● **Task brief**: Write out each record below exactly, but not the pictures.

◇ ◇ ◇ ◇ ◇ ◇ ◇

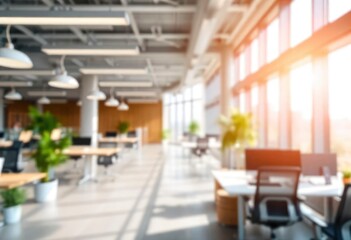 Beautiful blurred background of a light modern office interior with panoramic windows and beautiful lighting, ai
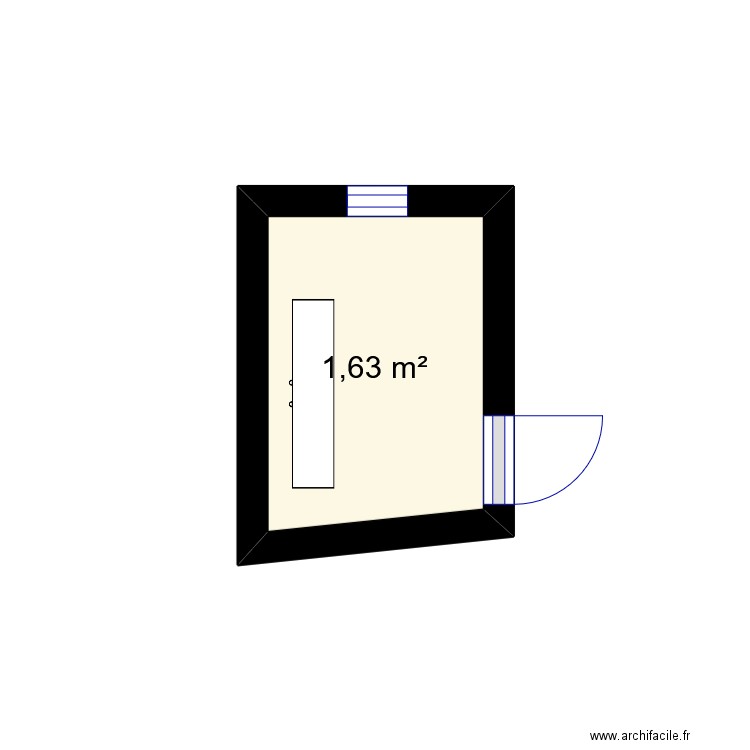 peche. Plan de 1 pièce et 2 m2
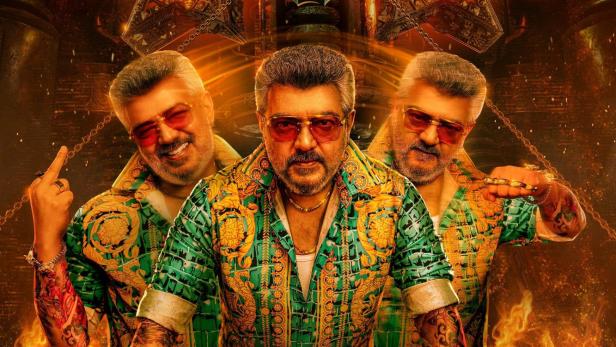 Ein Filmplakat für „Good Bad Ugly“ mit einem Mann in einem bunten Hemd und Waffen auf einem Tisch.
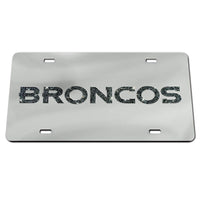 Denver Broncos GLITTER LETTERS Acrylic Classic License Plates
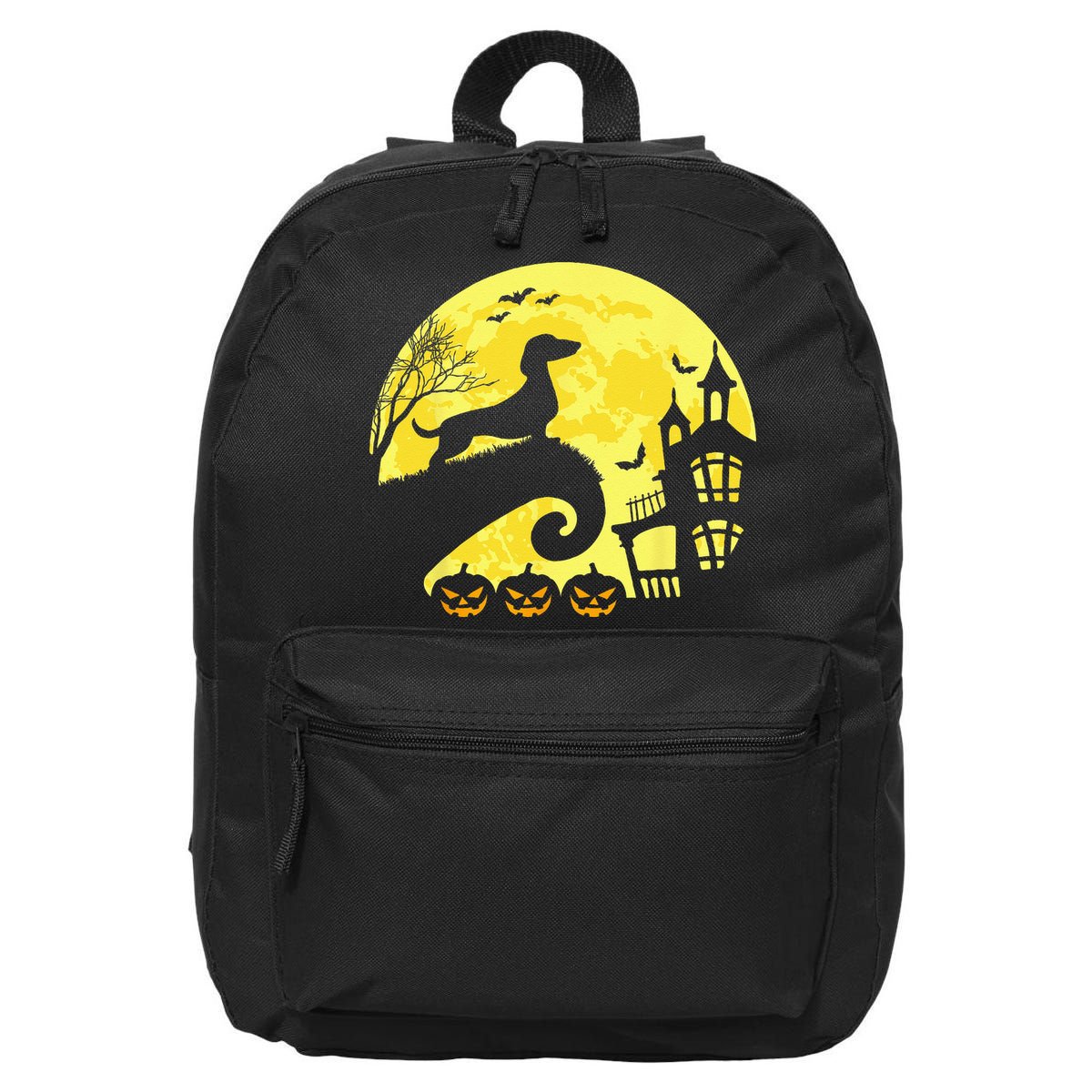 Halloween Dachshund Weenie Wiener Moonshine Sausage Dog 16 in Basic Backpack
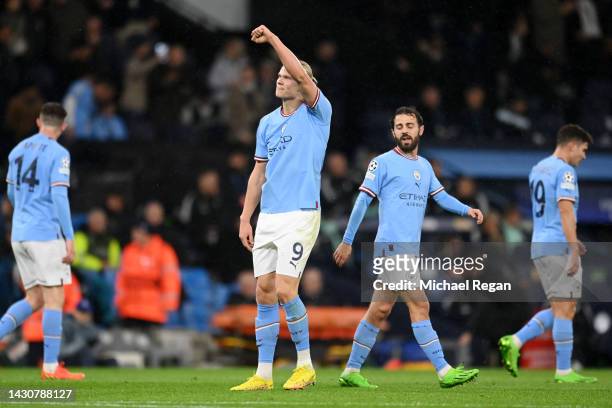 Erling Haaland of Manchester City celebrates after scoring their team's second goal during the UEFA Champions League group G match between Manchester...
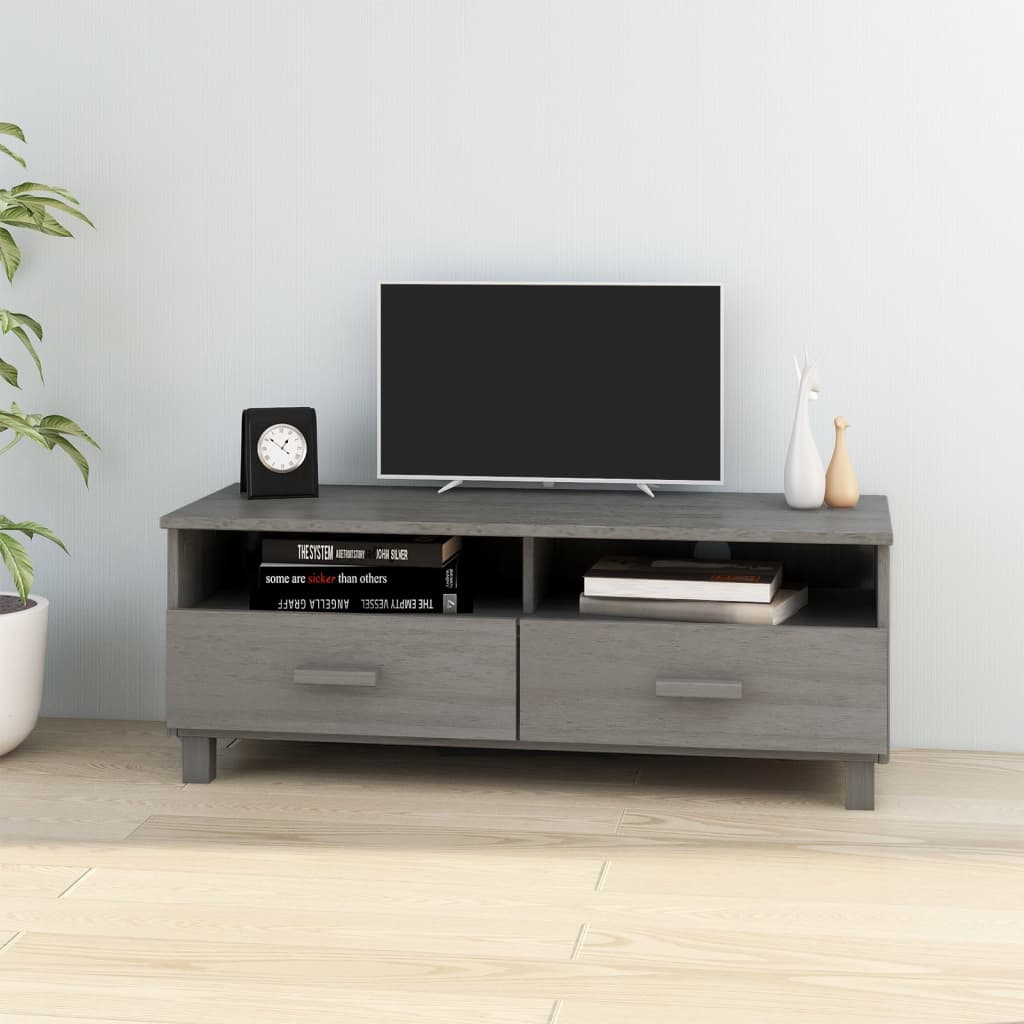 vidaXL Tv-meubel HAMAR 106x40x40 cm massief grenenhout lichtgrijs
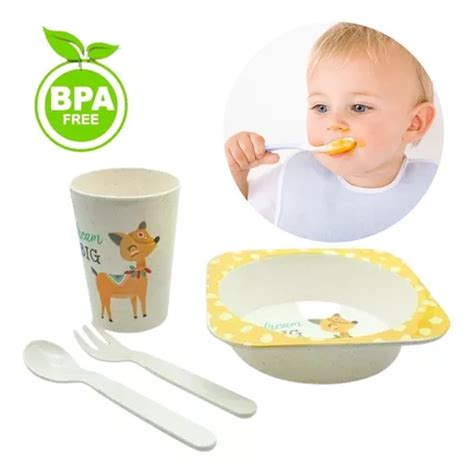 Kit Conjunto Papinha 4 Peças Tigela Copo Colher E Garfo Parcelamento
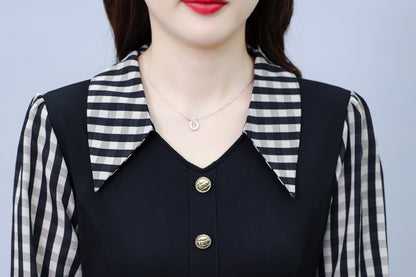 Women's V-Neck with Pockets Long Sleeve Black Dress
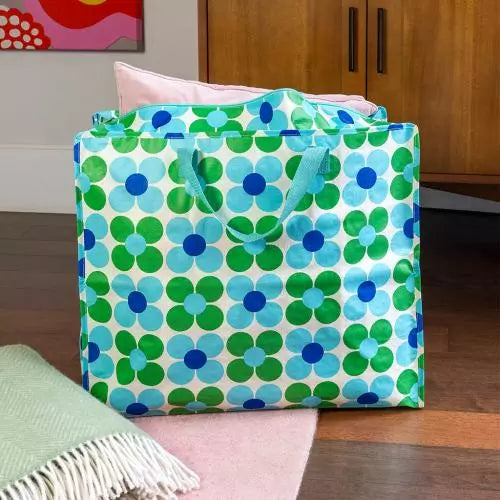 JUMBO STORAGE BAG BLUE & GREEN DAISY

◇ ◇ ◇ ◇ ◇ ◇ ◇

● **Task answer**:
 Beautiful blurred background of a light modern office interior with panoramic windows and beautiful lighting, ai
 peche. Plan de 1 pièce et 2 m2
 Ein Filmplakat für „Good Bad Ugly“ mit einem Mann in einem bunten Hemd und Waffen auf einem Tisch.
 Denver Broncos GLITTER LETTERS Acrylic Classic License Plates
 Halloween Dachshund Weenie Wiener Moonshine Sausage Dog 16 in Basic Backpack
 Erling Haaland of Manchester City celebrates after scoring their team's second goal during the UEFA Champions League group G match between Manchester...
 vidaXL Tv-meubel HAMAR 106x40x40 cm massief grenenhout lichtgrijs
 Kit Conjunto Papinha 4 Peças Tigela Copo Colher E Garfo Parcelamento
 Women's V-Neck with Pockets Long Sleeve Black Dress
 JUMBO STORAGE BAG BLUE & GREEN DAISY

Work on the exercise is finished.